Work required: Without the images, output each record below as it stands.

Provided records:
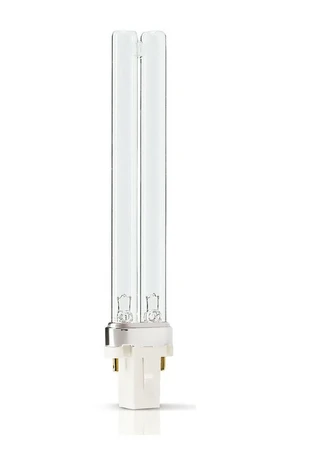 Philips Vijver UV-C PL Lamp 11 Watt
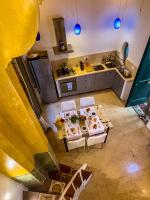 Superior Apartment mit 2 Schlafzimmern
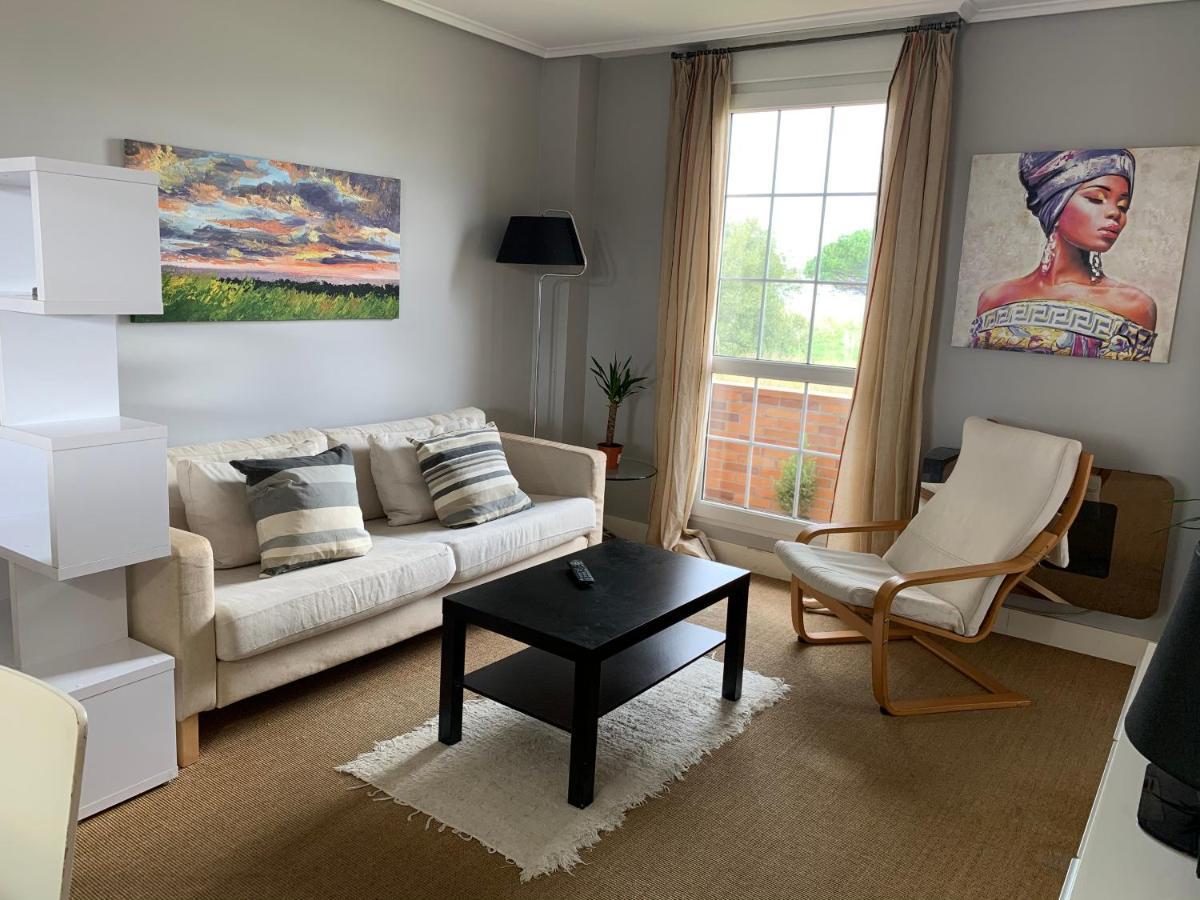 Apartamento Puerto Deportivo Marina De Σανταντέρ Εξωτερικό φωτογραφία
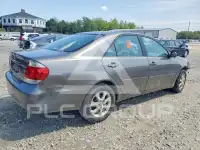 2006 Toyota CAMRY фото
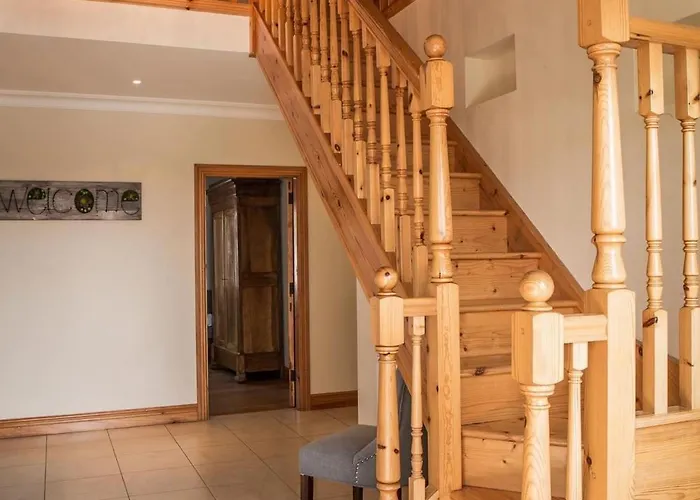 펜션 Once Upon A Tide 클리프덴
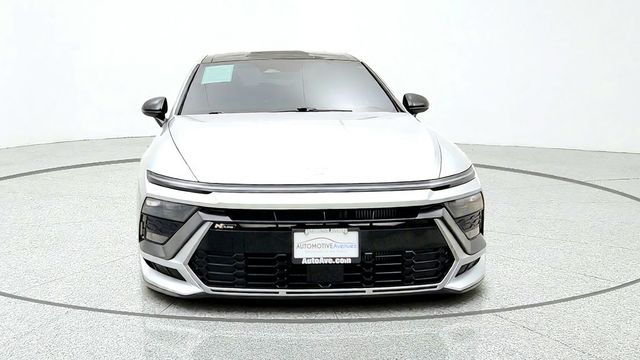 2024 Hyundai Sonata N Line 2.5T - 23100309 - 1
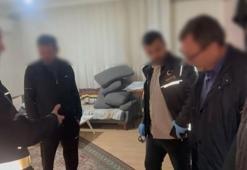 Osmaniye merkezli 3 ilde telefon dolandırıcılığı operasyonu: 10 tutuklama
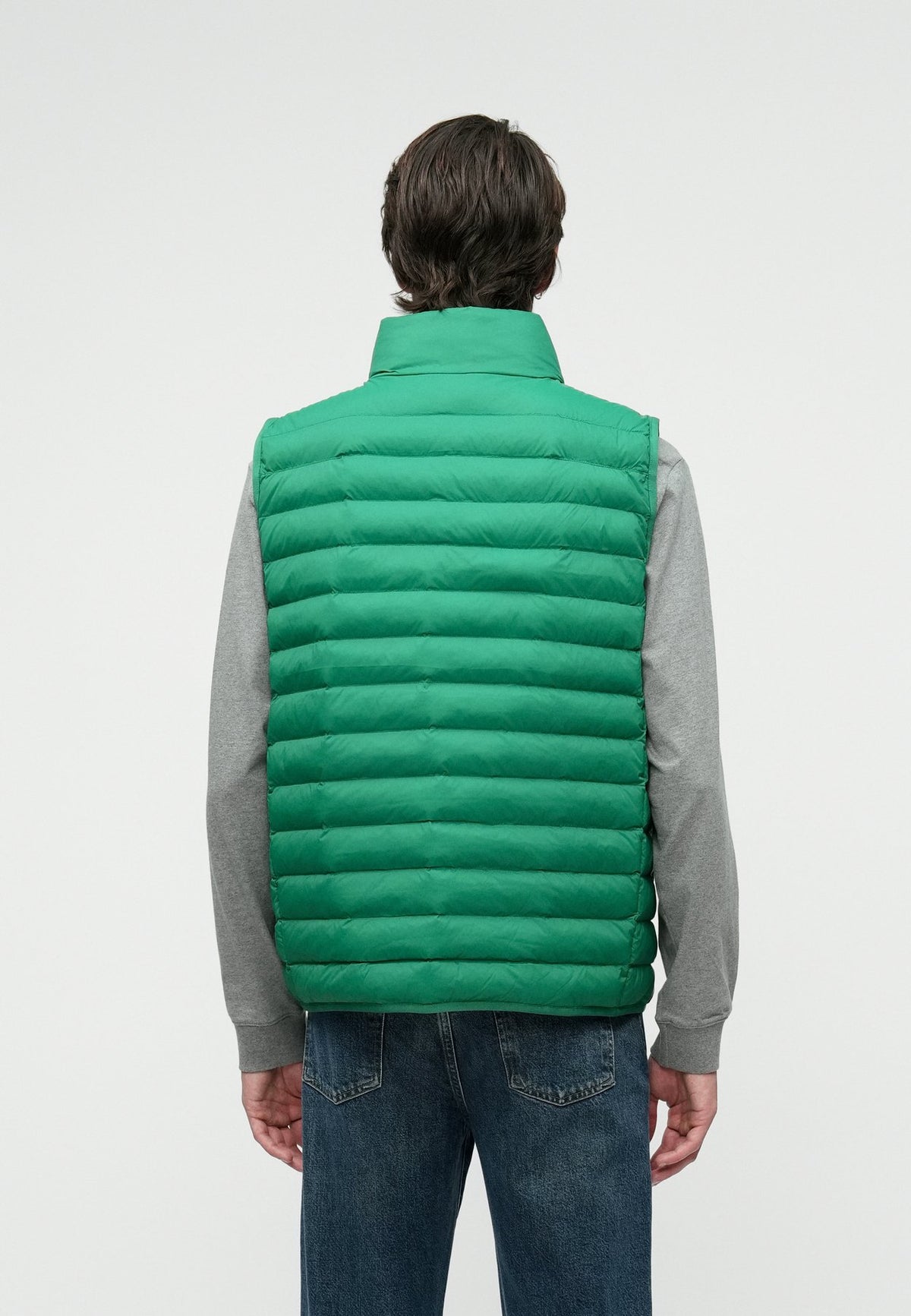 Calvin KleinPUFFER - Weste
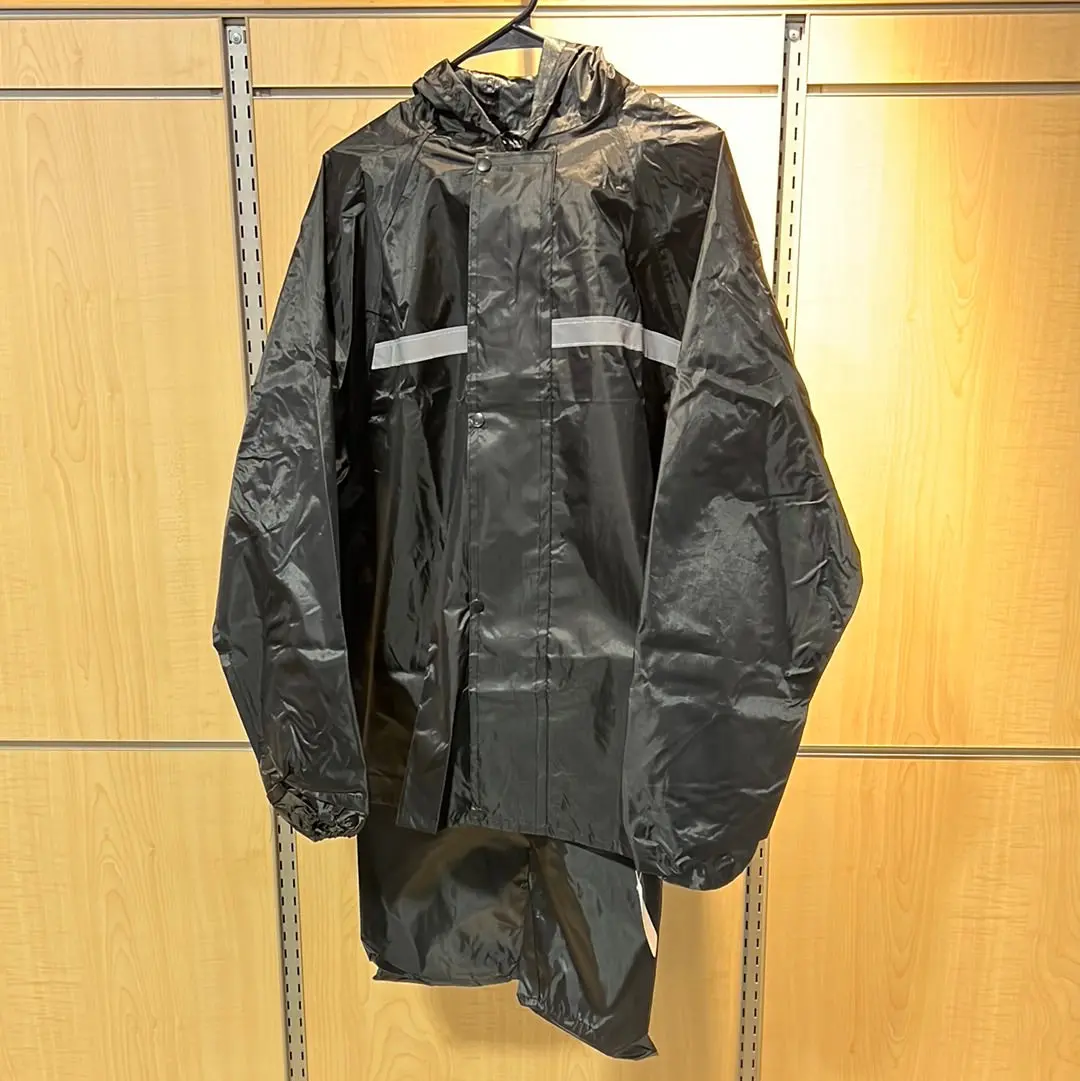 Oxford 2 Piece Rain Suit 1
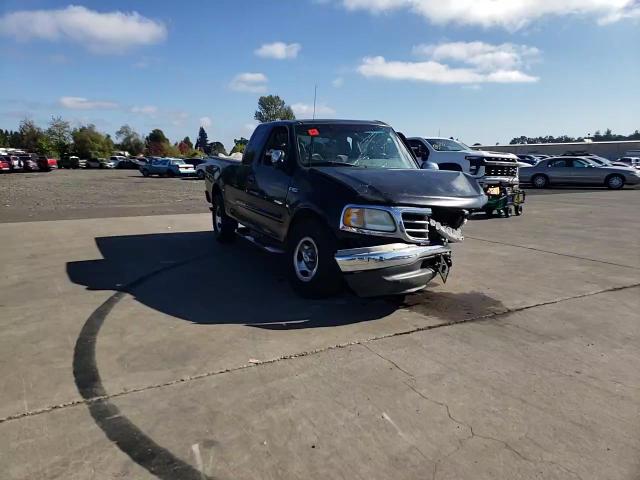 1999 Ford F150 VIN: 1FTZX1725XNB77480 Lot: 81296995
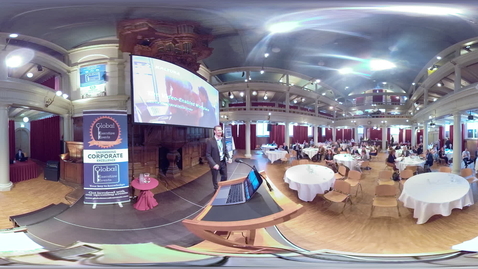 Thumbnail for Unleash Dig Com Confab Amsterdam 2018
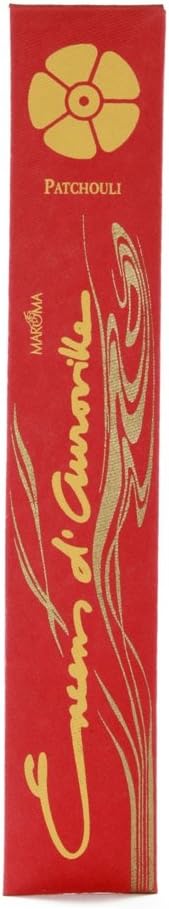 Himalaya Maroma Patchouli Incense Sticks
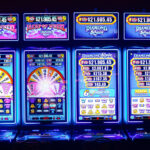 casino games baccarat online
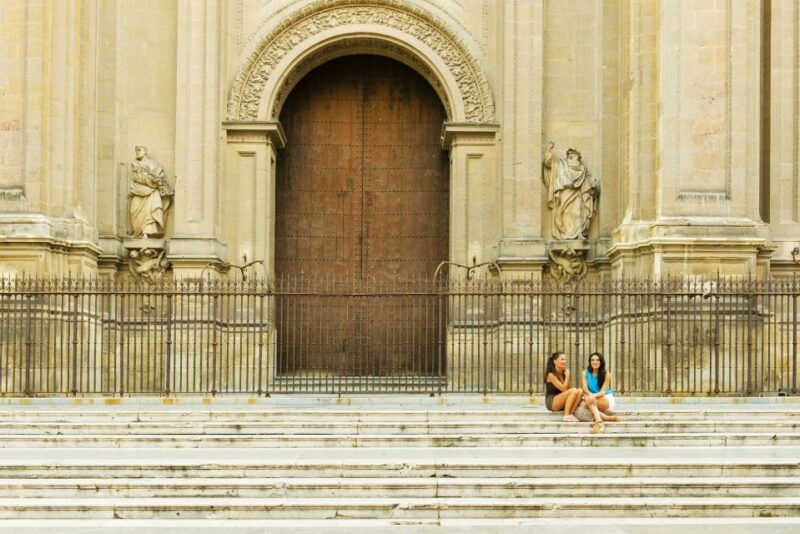 cathedral-and-royal-chapel-with-albaicin-and-sacromonte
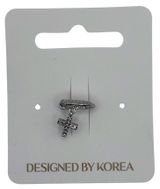 Изображение товара Кафф на ухо Golden Tree Крестик, 1 шт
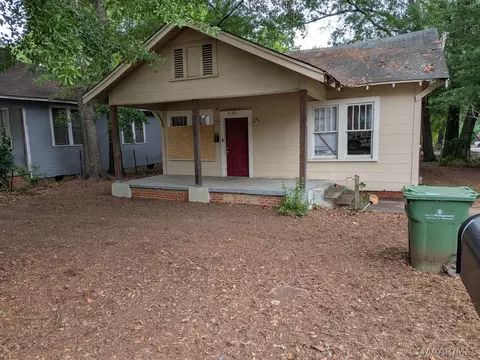 2149 E Fifth St, Montgomery, AL 36106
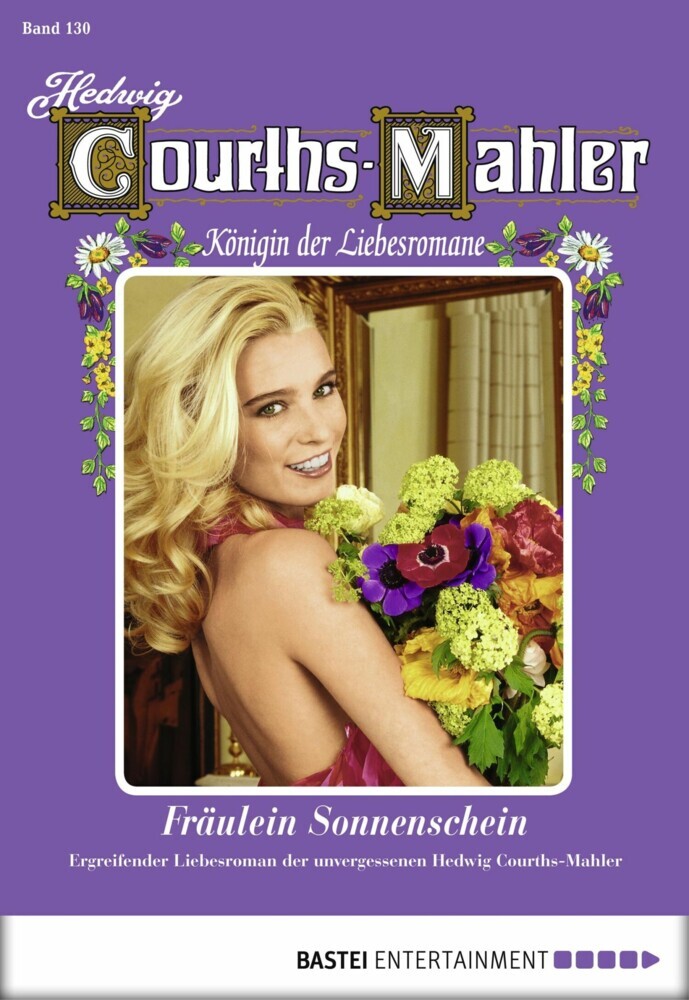 Hedwig Courths-Mahler - Folge 130 main product photo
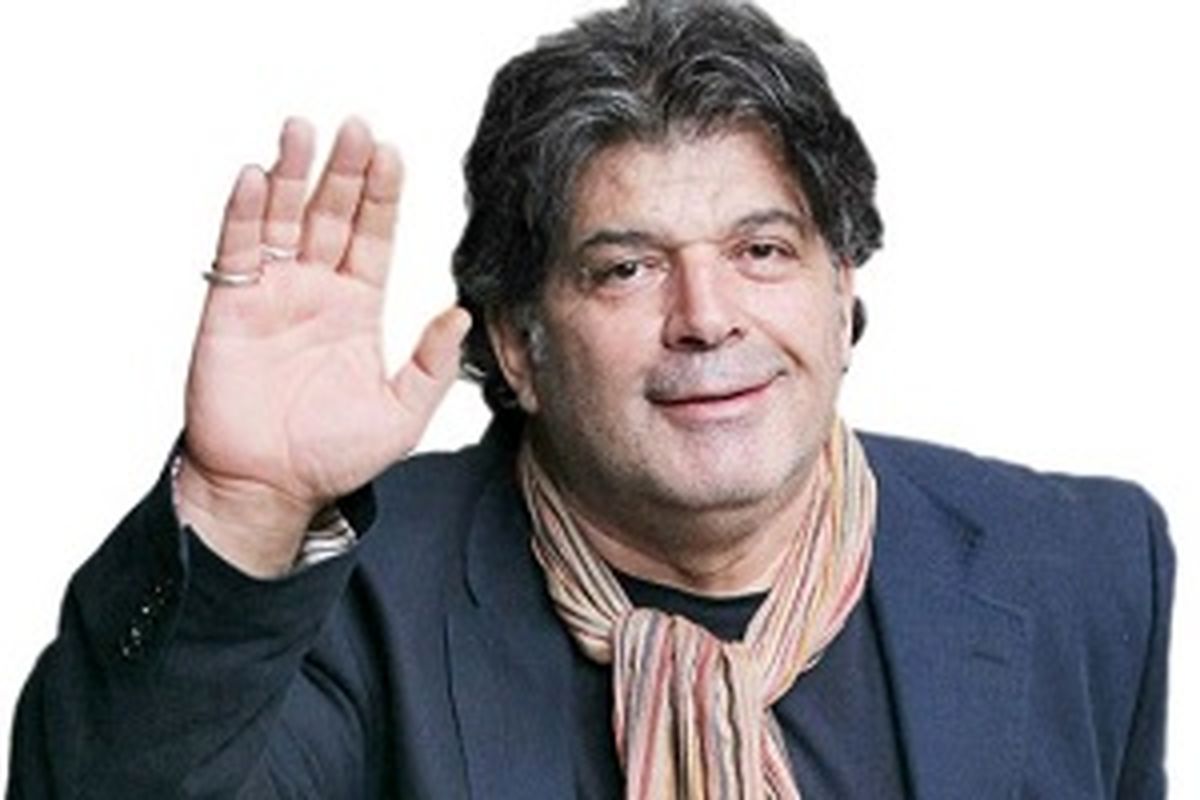 گپ دوستانه با مردی که خیلیها با صدایش خاطره دارند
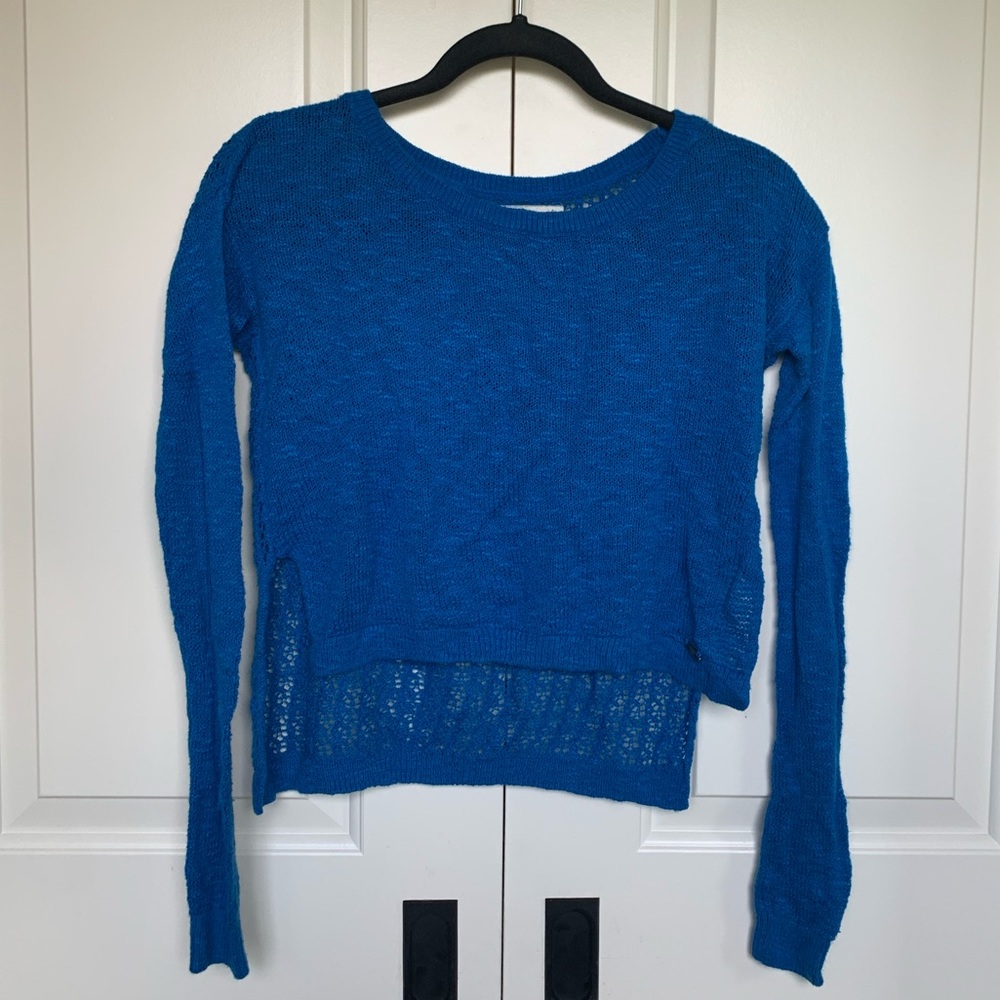Abercrombie & Fitch sweater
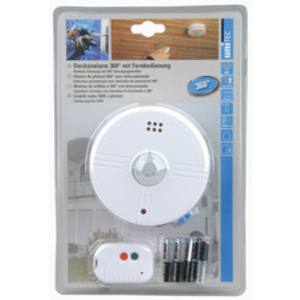 ANSMANN Pile alcaline 'RED', Micro AAA, blister de 4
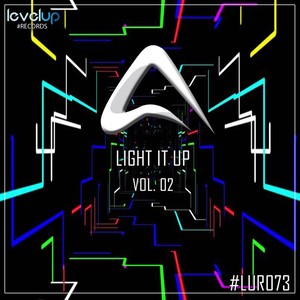 Light It Up, Vol. 02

Result:
 Philips Vijver UV-C PL Lamp 11 Watt
 Superior Apartment mit 2 Schlafzimmern
 Apartamento Puerto Deportivo Marina De Σανταντέρ Εξωτερικό φωτογραφία
 2006 Toyota CAMRY фото
 펜션 Once Upon A Tide 클리프덴
 2024 Hyundai Sonata N Line 2.5T - 23100309 - 1
 Osmaniye merkezli 3 ilde telefon dolandırıcılığı operasyonu: 10 tutuklama
 Calvin KleinPUFFER - Weste
 Oxford 2 Piece Rain Suit 1
 1999 Ford F150 VIN: 1FTZX1725XNB77480 Lot: 81296995
 Thumbnail for Unleash Dig Com Confab Amsterdam 2018
 Himalaya Maroma Patchouli Incense Sticks
 casino games baccarat online
 cathedral-and-royal-chapel-with-albaicin-and-sacromonte
 Изображение товара Кафф на ухо Golden Tree Крестик, 1 шт
 2149 E Fifth St, Montgomery, AL 36106
 Hedwig Courths-Mahler - Folge 130 main product photo
 گپ دوستانه با مردی که خیلیها با صدایش خاطره دارند
Abercrombie & Fitch sweater
 ANSMANN Pile alcaline 'RED', Micro AAA, blister de 4
 Light It Up, Vol. 02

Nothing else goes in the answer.